- _Your instructions_
Below are records; reproduce exactly the lines from the one that has "JFK s manželkou" through the one that has "Certified 2023 Toyota", ends included, and nothing more.

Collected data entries
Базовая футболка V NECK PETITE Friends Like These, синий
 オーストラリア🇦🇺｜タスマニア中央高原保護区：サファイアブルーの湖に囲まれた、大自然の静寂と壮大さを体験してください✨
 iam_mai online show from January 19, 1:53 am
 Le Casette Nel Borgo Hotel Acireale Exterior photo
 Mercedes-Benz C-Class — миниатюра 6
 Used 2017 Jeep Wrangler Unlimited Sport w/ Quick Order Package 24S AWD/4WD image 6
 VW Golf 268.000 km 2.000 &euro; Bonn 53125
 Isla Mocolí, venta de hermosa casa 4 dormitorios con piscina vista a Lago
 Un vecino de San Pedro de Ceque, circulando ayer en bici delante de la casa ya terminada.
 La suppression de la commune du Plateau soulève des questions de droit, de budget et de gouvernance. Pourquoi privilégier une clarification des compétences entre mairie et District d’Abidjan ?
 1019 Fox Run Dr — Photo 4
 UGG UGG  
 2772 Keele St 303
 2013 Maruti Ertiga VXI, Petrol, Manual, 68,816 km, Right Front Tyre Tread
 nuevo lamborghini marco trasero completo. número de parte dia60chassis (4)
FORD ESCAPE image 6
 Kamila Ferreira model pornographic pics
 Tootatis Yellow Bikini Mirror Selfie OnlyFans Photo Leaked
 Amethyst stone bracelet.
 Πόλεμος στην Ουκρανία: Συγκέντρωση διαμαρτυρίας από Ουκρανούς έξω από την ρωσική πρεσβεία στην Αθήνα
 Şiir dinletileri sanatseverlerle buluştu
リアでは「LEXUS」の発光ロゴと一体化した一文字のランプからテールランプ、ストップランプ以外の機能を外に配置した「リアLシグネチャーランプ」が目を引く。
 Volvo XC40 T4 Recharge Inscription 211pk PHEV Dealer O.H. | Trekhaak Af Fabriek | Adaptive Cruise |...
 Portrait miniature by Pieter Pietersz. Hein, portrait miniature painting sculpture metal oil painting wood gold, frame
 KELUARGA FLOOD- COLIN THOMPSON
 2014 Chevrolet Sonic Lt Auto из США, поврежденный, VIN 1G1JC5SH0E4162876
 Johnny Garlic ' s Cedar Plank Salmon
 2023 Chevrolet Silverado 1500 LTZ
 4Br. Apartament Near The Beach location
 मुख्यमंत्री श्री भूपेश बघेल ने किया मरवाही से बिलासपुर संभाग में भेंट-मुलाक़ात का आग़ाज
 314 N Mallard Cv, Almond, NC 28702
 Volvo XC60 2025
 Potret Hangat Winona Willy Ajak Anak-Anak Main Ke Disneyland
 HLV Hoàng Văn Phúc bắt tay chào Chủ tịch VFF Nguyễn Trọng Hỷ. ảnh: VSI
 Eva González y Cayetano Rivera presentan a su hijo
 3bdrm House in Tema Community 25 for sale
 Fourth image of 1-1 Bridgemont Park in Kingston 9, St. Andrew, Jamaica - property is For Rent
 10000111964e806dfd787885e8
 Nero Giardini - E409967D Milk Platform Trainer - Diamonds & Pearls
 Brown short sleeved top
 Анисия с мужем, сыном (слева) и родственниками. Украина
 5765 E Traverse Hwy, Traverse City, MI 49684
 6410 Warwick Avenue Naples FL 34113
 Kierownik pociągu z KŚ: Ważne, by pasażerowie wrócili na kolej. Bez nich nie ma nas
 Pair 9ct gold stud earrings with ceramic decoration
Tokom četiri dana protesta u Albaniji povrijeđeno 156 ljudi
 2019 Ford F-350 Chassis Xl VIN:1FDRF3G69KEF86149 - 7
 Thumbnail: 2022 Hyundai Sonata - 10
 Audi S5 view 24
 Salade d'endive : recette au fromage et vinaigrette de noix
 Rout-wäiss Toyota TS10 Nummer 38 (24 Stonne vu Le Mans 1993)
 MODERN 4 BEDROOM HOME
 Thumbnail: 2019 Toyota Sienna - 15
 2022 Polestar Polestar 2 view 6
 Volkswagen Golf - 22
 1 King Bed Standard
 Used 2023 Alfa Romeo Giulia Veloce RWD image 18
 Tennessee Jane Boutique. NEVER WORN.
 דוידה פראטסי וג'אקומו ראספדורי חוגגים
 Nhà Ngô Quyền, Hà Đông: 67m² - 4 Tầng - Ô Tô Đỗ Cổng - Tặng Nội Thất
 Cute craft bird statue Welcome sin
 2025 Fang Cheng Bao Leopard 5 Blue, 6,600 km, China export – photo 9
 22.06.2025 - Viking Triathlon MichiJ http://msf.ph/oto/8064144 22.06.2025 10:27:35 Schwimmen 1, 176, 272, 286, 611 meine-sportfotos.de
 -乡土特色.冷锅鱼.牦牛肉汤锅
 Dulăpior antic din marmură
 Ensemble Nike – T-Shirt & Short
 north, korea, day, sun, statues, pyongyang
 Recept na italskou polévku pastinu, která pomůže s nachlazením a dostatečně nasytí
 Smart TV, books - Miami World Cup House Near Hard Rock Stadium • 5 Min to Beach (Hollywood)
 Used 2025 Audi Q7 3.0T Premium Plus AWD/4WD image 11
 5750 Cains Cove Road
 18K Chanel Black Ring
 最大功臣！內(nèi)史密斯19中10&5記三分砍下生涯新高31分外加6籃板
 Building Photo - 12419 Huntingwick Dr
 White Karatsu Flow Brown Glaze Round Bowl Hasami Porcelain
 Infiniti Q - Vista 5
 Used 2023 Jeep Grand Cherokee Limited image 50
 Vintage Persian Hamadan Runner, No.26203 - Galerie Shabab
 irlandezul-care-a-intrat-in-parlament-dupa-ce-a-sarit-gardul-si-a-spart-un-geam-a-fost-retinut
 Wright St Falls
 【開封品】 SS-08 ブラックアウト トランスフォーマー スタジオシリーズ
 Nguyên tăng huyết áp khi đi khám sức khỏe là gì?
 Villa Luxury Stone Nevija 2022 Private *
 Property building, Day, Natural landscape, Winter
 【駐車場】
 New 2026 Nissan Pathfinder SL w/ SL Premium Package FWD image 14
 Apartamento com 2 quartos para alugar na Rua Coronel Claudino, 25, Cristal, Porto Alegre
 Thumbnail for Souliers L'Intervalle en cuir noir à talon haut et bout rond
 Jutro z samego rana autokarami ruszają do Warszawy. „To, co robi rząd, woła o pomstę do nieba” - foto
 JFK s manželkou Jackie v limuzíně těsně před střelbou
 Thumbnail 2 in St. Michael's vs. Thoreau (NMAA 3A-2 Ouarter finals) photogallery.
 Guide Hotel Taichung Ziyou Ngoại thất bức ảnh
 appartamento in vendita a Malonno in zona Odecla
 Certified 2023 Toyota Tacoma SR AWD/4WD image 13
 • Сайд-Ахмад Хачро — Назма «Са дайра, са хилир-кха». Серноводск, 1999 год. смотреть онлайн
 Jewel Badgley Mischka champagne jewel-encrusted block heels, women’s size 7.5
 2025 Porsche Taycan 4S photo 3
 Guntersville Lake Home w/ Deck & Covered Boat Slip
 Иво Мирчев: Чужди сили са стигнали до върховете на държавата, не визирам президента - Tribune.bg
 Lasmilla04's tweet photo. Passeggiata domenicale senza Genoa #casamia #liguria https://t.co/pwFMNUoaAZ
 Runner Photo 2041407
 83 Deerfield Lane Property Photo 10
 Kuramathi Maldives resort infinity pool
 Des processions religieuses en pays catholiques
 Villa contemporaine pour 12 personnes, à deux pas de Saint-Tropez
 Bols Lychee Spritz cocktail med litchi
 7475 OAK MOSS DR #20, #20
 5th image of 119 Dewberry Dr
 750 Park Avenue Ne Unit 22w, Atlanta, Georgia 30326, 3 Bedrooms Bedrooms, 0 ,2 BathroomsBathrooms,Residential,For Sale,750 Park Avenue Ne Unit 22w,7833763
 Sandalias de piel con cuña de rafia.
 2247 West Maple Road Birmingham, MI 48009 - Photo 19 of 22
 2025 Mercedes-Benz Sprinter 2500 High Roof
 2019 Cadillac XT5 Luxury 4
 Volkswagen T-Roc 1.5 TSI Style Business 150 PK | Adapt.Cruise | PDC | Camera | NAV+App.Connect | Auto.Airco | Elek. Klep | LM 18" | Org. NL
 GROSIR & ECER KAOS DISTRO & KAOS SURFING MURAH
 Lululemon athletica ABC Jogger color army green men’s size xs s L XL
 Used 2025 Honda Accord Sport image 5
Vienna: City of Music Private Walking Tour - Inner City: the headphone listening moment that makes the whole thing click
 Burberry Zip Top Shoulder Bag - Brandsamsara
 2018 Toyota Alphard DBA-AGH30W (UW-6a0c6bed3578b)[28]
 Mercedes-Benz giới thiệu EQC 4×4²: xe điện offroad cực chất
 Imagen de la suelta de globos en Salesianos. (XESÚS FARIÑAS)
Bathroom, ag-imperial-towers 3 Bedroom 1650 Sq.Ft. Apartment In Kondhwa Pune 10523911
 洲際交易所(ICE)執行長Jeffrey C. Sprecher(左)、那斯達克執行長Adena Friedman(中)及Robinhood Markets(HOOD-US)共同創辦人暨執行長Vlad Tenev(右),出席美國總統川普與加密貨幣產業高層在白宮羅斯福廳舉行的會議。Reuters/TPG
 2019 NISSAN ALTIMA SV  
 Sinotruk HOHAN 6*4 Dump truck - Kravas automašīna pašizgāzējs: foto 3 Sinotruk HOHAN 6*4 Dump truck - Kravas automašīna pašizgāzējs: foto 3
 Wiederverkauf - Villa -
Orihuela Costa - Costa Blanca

- _Result below_
 JFK s manželkou Jackie v limuzíně těsně před střelbou
 Thumbnail 2 in St. Michael's vs. Thoreau (NMAA 3A-2 Ouarter finals) photogallery.
 Guide Hotel Taichung Ziyou Ngoại thất bức ảnh
 appartamento in vendita a Malonno in zona Odecla
 Certified 2023 Toyota Tacoma SR AWD/4WD image 13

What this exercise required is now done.